• EXERCISE MATERIALS
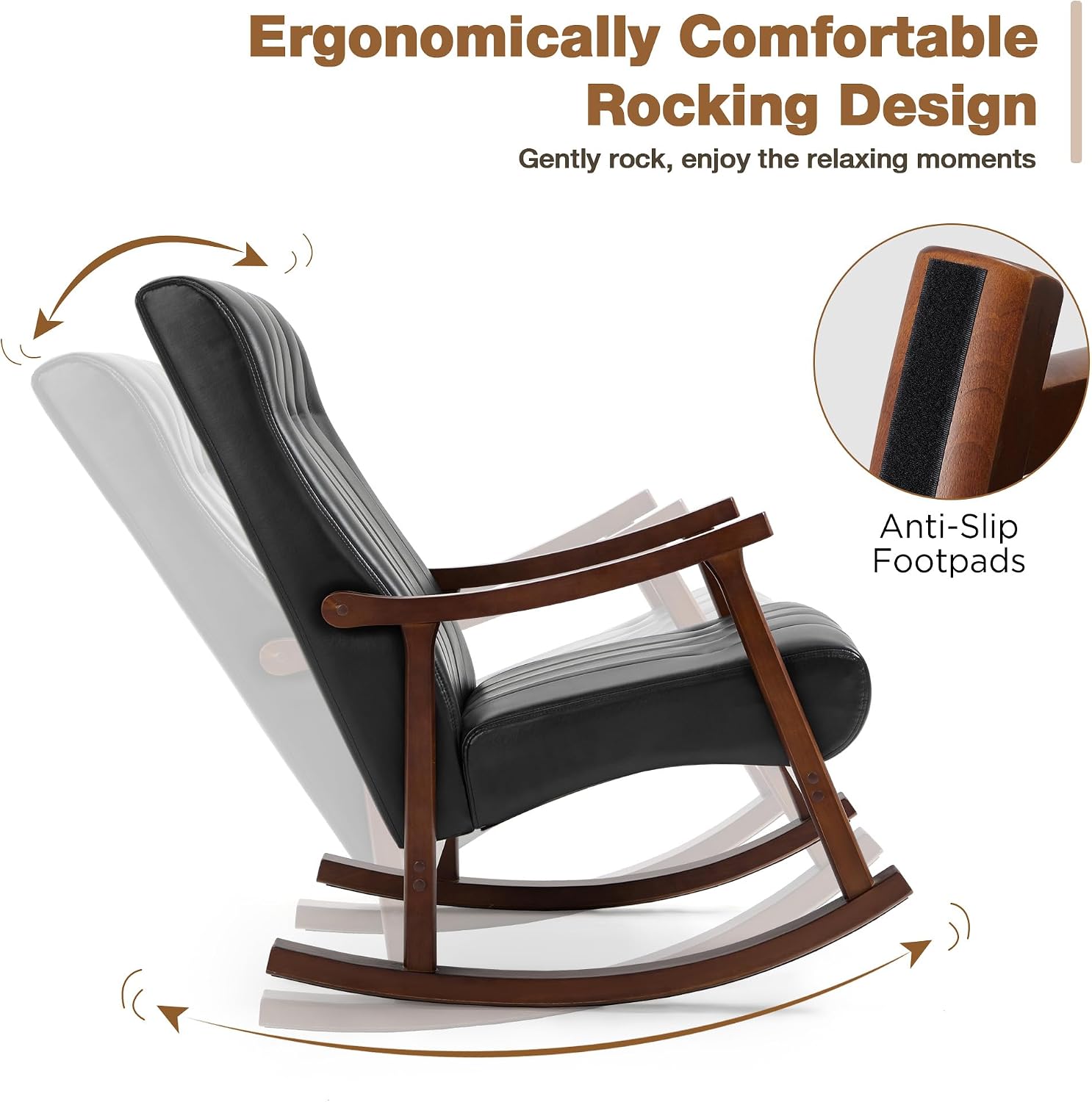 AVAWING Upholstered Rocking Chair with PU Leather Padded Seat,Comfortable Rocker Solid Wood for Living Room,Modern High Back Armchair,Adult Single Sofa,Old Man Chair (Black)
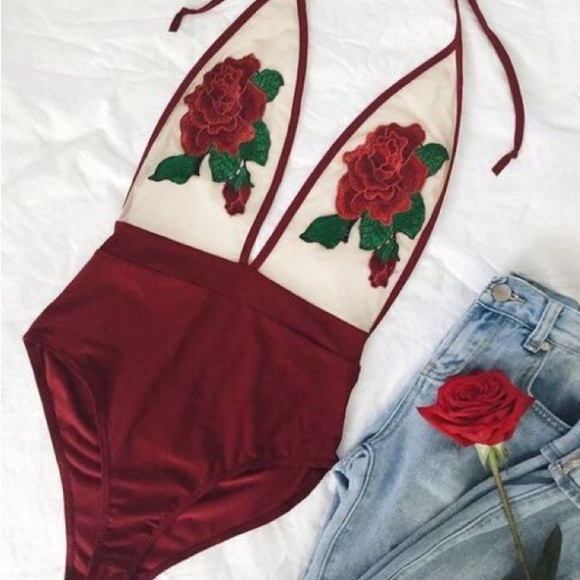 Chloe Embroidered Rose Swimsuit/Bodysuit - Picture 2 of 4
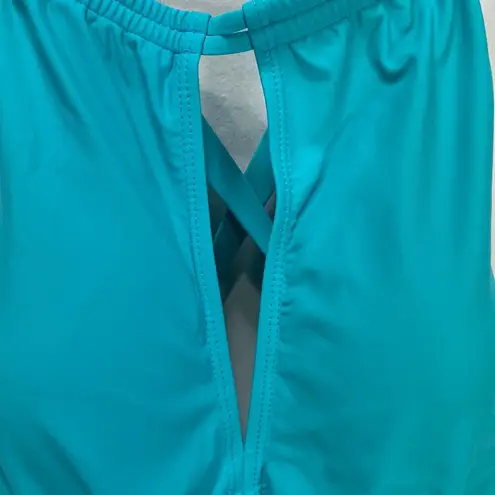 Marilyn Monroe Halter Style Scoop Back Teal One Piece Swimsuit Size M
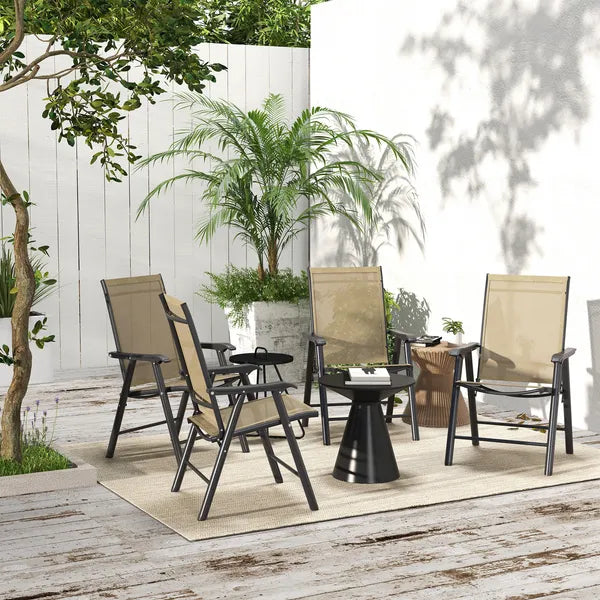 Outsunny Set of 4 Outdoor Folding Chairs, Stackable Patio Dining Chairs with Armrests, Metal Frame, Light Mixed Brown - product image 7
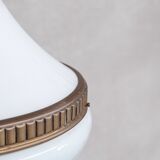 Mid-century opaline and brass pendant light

• TASK
From the first record to the last, print everything again exactly, without pictures.

• TASK RESPONSE
 AVAWING Upholstered Rocking Chair with PU Leather Padded Seat,Comfortable Rocker Solid Wood for Living Room,Modern High Back Armchair,Adult Single Sofa,Old Man Chair (Black)
 Chloe Embroidered Rose Swimsuit/Bodysuit - Picture 2 of 4
 Marilyn Monroe Halter Style Scoop Back Teal One Piece Swimsuit Size M
 Outsunny Set of 4 Outdoor Folding Chairs, Stackable Patio Dining Chairs with Armrests, Metal Frame, Light Mixed Brown - product image 7
 Mid-century opaline and brass pendant light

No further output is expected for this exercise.